The choice to compile the algorithms in C++ through Rcpp was driven by the fact that we are looking at computationally very intensive simulations.1 This implementation leads to massive performance boosts: Figure 1.3 shows a micro benchmark of the computing times of the different implementations.
library(microbenchmark)
library(ggplot2)
mb <- microbenchmark(
"UCB (R)" = {ucb_R(bernoulli_mab)},
"UCB (Rcpp)" = {ucb_Rcpp(bernoulli_mab)},
"Thompson (R)" = {thompson_R(bernoulli_mab)},
"Thompson (Rcpp)" = {thompson_Rcpp(bernoulli_mab)},
times = 100
)
p <- autoplot(mb)
ggsave("www/mb.png", width = 6, height = 4)
Figure 1.3: Reduction in computing time due to compiling through Rcpp.
First, let us set up a grid for the simulation, which will use both to draw the different parameters (\(K\), \(\varepsilon\)):
library(data.table)
t_0 <- 1
T_ <- 1e7
K <- c(10,100)
eps <- c(0.02,0.1)
algos <- list(
ucb = sim_ucb,
thompson = sim_thompson
)
param_grid <- CJ(K=K,eps=eps,algo=names(algos))
The functions going into the list algos are compiled through Rcpp to also speed up that part of the process. Details can again be found in the annex.
We will also set up a corresponding table to store the results from the simulation and eventually plot them. This involves performing a cross-join across the different parameters and the trials (\(T=[1,10^{4}]\)), which is efficiently implemented in data.table.
simulation <- CJ(K=K,eps=eps,T_=t_0:T_)
The first variable we will add to simulation is the lower bound for the different parameter specifications.

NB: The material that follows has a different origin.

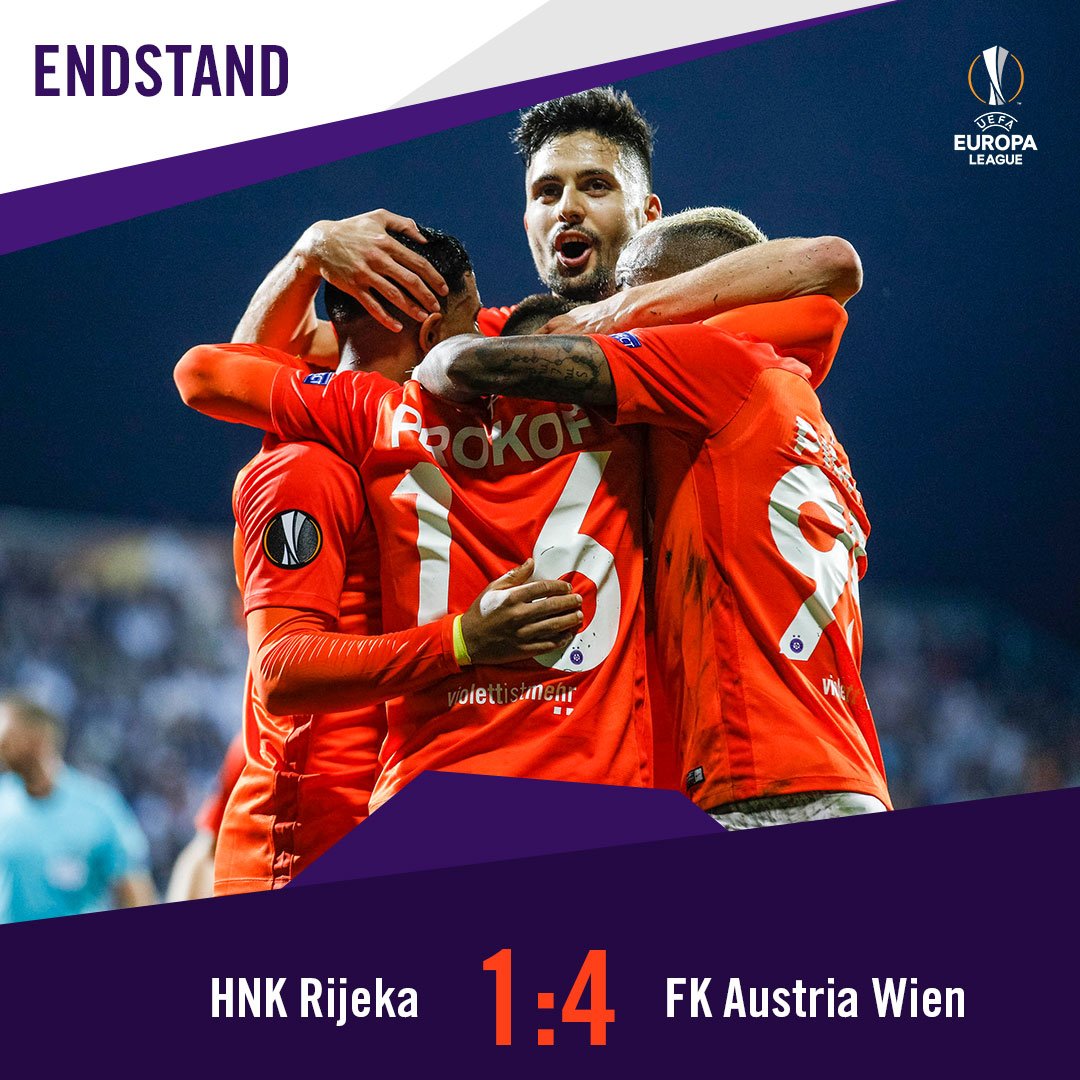 FKAustriaWien's tweet photo. SCHLUSSPFIFF in Rijeka! 

#faklive #tiefimHerzendrin #UEL https://t.co/jkrKwDB4cw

The lower bound is implemented according to the formulation in Chapelle and Li (2011):
#' Lower bound
#'
#' @param t Time T.
#' @param prob Action values.
#' @param kl Function to compute KL-Divergence.
#'
#' @author Patrick Altmeyer
lb <- function(t, prob, kl) {
p_star <- max(prob)
log(t) * sum(
sapply(
prob,
function(p) {
ifelse(p_star-p>0,(p_star-p)/kl(p,p_star),0)
}
)
)
}
Next we apply this function for each \(K\) and \(\varepsilon\). Following Chapelle and Li (2011) we will shift the lower bound such that it passes through the origin at \(T=100\). Again these computation can be done very efficiently using data.table:
simulation[,value:=lb(T_,c(0.5,rep(0.5-eps,K-1)),kl_bernoulli) - lb(100,c(0.5,rep(0.5-eps,K-1)),kl_bernoulli),by=.(K,eps)]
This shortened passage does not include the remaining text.